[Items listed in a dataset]
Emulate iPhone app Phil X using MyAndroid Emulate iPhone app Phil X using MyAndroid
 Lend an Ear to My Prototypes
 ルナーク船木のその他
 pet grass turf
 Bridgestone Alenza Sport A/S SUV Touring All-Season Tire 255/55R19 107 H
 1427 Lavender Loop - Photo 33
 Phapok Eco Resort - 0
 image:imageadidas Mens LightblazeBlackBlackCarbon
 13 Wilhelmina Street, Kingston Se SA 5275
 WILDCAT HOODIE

What you should do -> Retype the lines from the one containing "1427 Lavender Loop - Photo 33" to the last line above. Change nothing and include no others.

Answer space ->
 1427 Lavender Loop - Photo 33
 Phapok Eco Resort - 0
 image:imageadidas Mens LightblazeBlackBlackCarbon
 13 Wilhelmina Street, Kingston Se SA 5275
 WILDCAT HOODIE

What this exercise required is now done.